Kyle: Well, if you’ve made it until now in the interview, congratulations. Stuck with us.

 

Dr. Campbell: Yeah, oh, well, yeah. Should we have an award or something? Print out a  certificate or something.

 

Dr. Seheult: That’s right. Again, John, thank you so much for joining us. I hope that we do this again soon, especially if there’s new updates and things as they progress. 

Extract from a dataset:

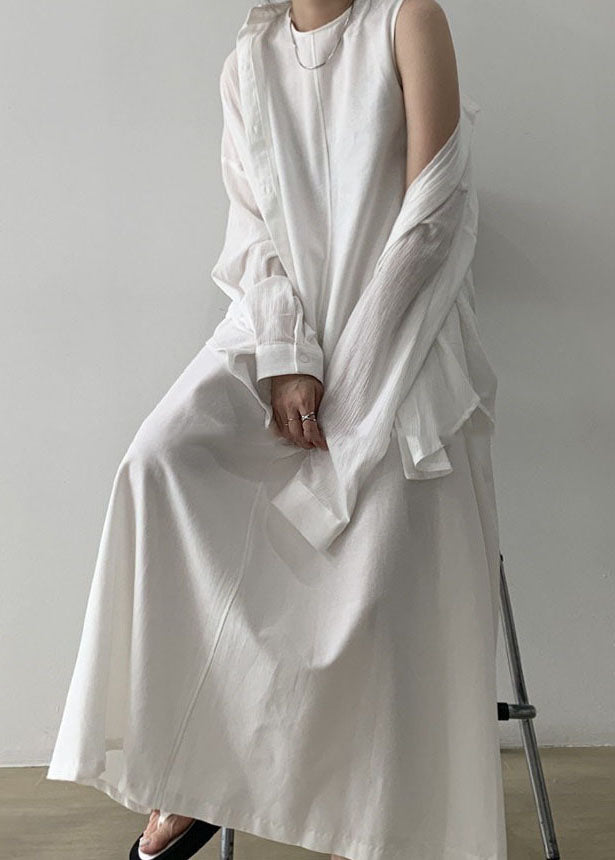 Classy White O Neck Patchwork Cotton Maxi Dresses Sleeveless Ly1367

This has gone so well, and I really appreciate you joining us, and it was a pleasure to be here. 

 

Dr. Campbell: Yeah and the other thing, Kyle, that a lot of people don’t realize is that Roger and myself have a large back catalogue of videos from from pre-COVID days, which are somewhat neglected now. 

 

Kyle: Absolutely.

 

Dr. Campbell: So, if you’re bored one evening, there’s no reason to not be stimulated. 

 

Dr. Seheult: That’s correct. 

 

Kyle: Well, thank you to everyone watching. Thanks for joining us. Thanks again for submitting questions for this. We really appreciate it, and we hope to do this again and see you all soon.

 

Dr. Campbell: Thank you

 

Dr. Seheult: And I would just say, have everyone look at both of our channels here. We both have channels on YouTube, and there’s a lot of information on both these channels that  are not redundant, but rather supplementary and complementary.

 

Dr. Campbell: Absolutely, yeah.

 

Kyle: Absolutely yep. And you can also check out our website, MedCram.com. Dr. Campbell, do you have a website or is it primarily…?

 

Dr. Campbell: Not at the moment, no. I had technical problems with that. I often have technical problems. That’s just one of them.

 

Kyle: I doubt that, since you’re putting videos out daily. I’m sure you’ve got them pretty well dialed in by now.

 

Dr. Campbell: Not really. 

 

Dr. Seheult: Well you’re very humble and a gentleman. Thank you so much.

 

Dr. Campbell: Thank you for having me. I really appreciate it.